Captioned web images:
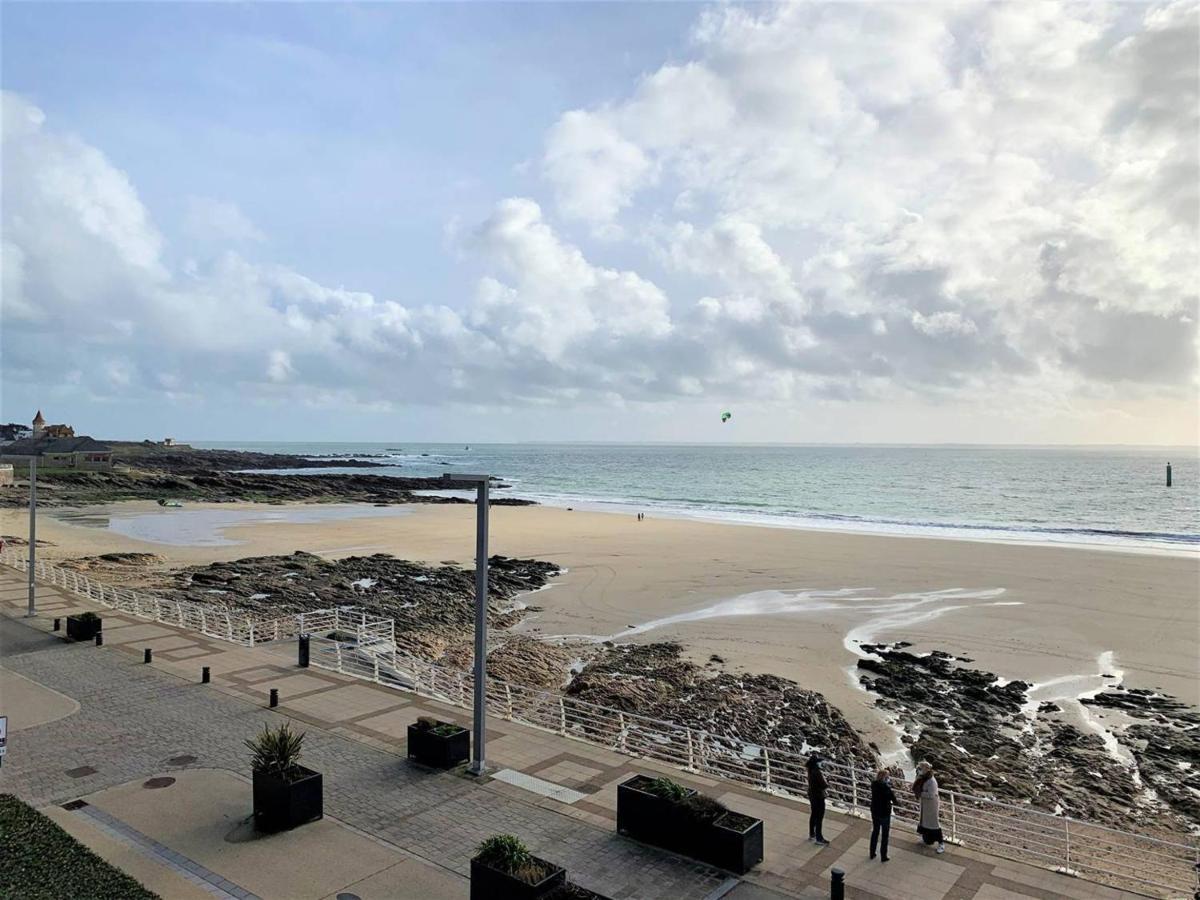 Studio Quiberon, 1 pièce, 2 personnes - FR-1-478-87 Extérieur photo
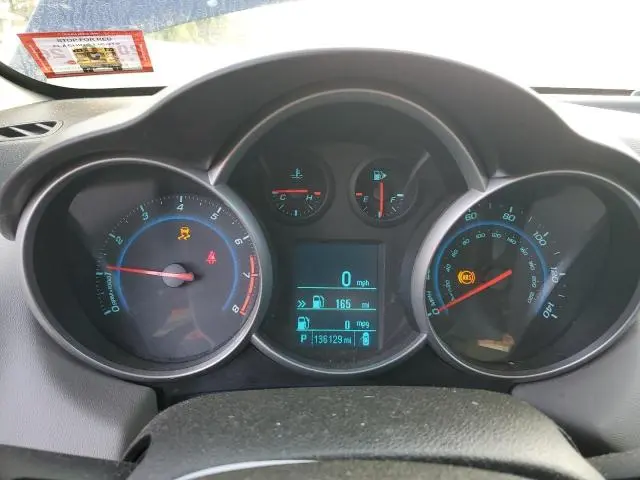 2012 CHEVROLET CRUZE LS  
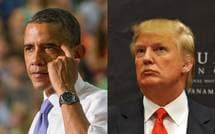 晩餐会でオバマに笑い物にされ…｢じっと座って怒りに耐えていた｣トランプが大統領選への出馬を決意した屈辱の夜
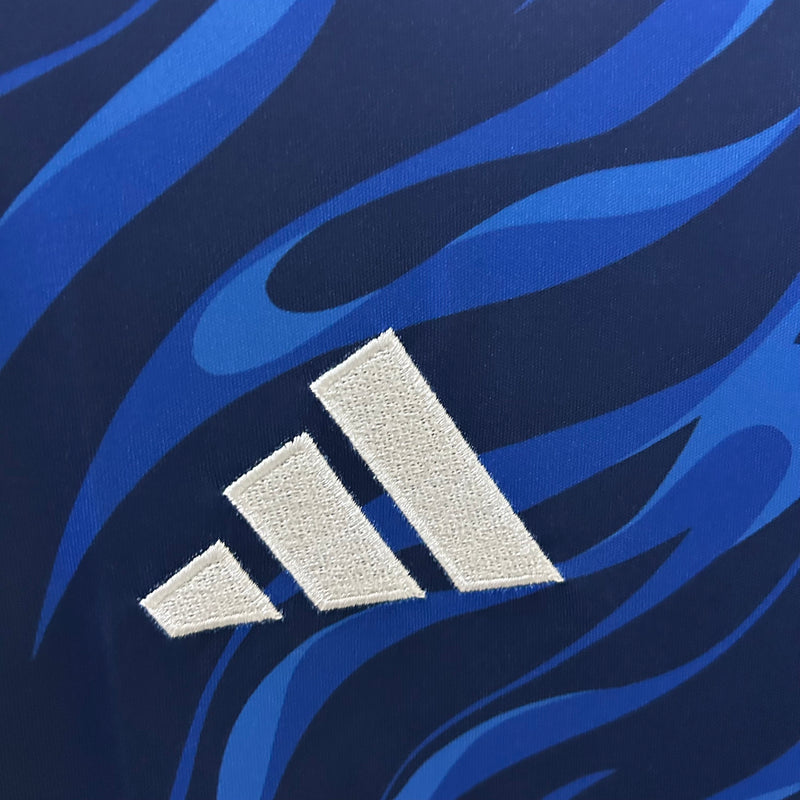 Camisa Real Madrid Treino 2025/26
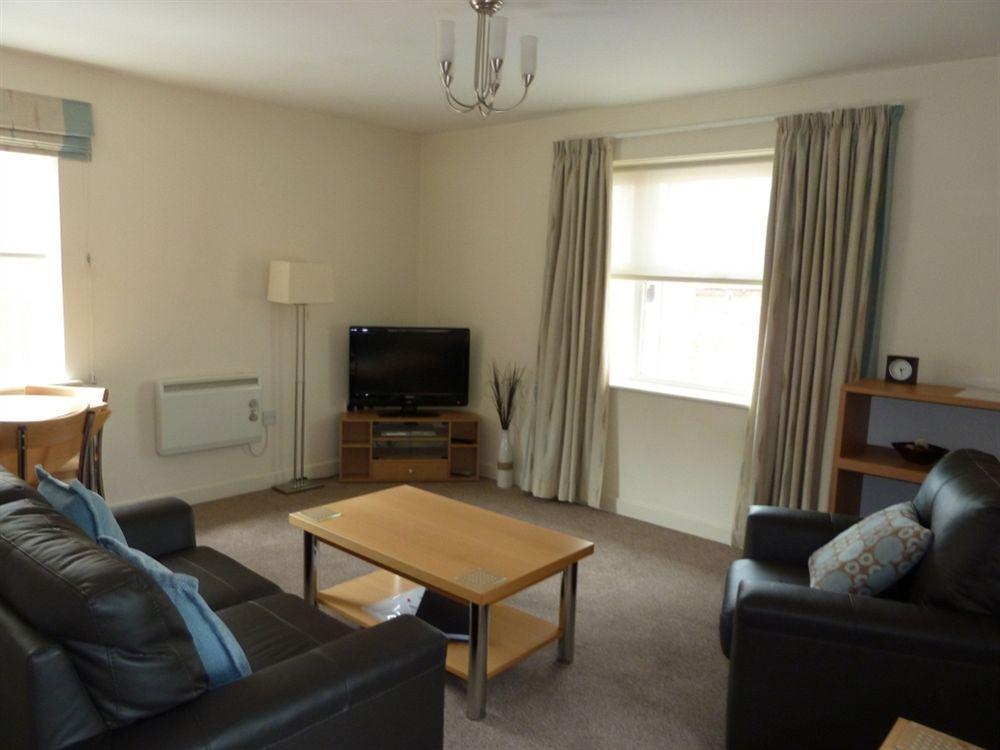 Dashwood Apartments Banbury Buitenkant foto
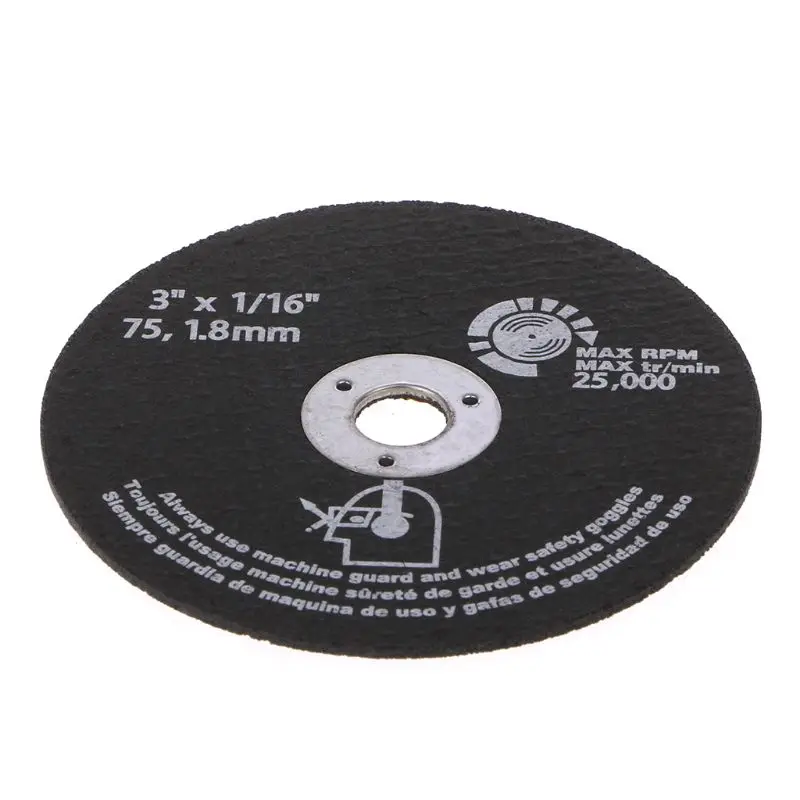 10pcs Circular Resin Grinding Wheel Saw Blades Cutting Disc For Metal | Инструменты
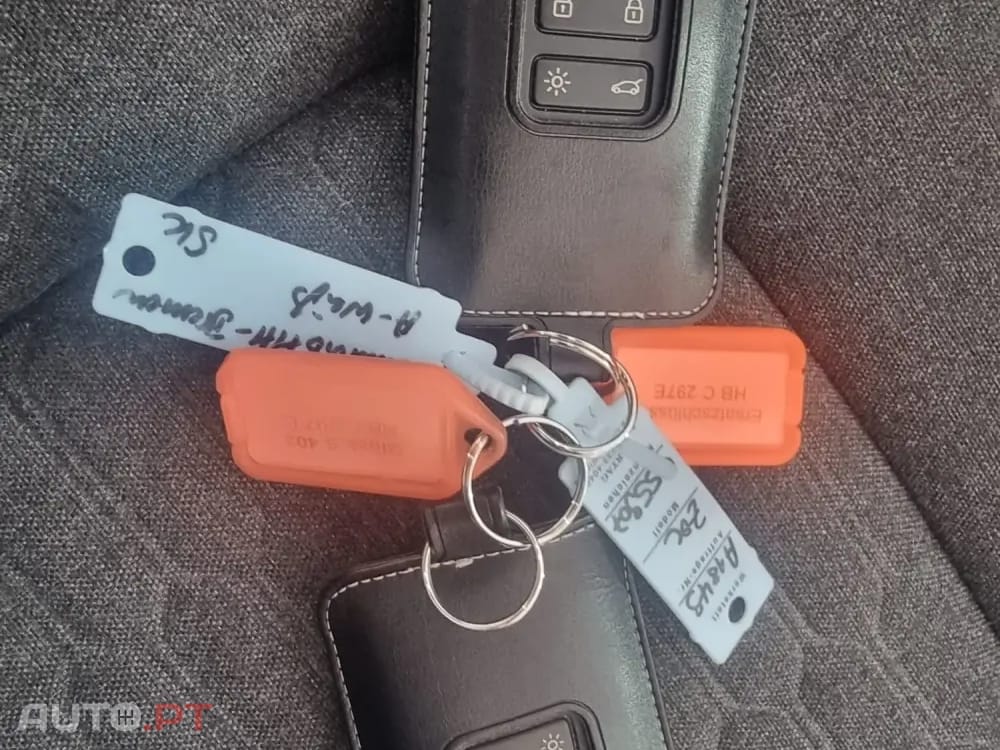 Renault Zoe (c/ Bateria) Intens 50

[WHAT YOU WILL DO] Your answer must contain the full data, repeated exactly, without pictures.

[ANSWER BELOW]
 Studio Quiberon, 1 pièce, 2 personnes - FR-1-478-87 Extérieur photo
 2012 CHEVROLET CRUZE LS  
 晩餐会でオバマに笑い物にされ…｢じっと座って怒りに耐えていた｣トランプが大統領選への出馬を決意した屈辱の夜
 Camisa Real Madrid Treino 2025/26
 Dashwood Apartments Banbury Buitenkant foto
 10pcs Circular Resin Grinding Wheel Saw Blades Cutting Disc For Metal | Инструменты
 Renault Zoe (c/ Bateria) Intens 50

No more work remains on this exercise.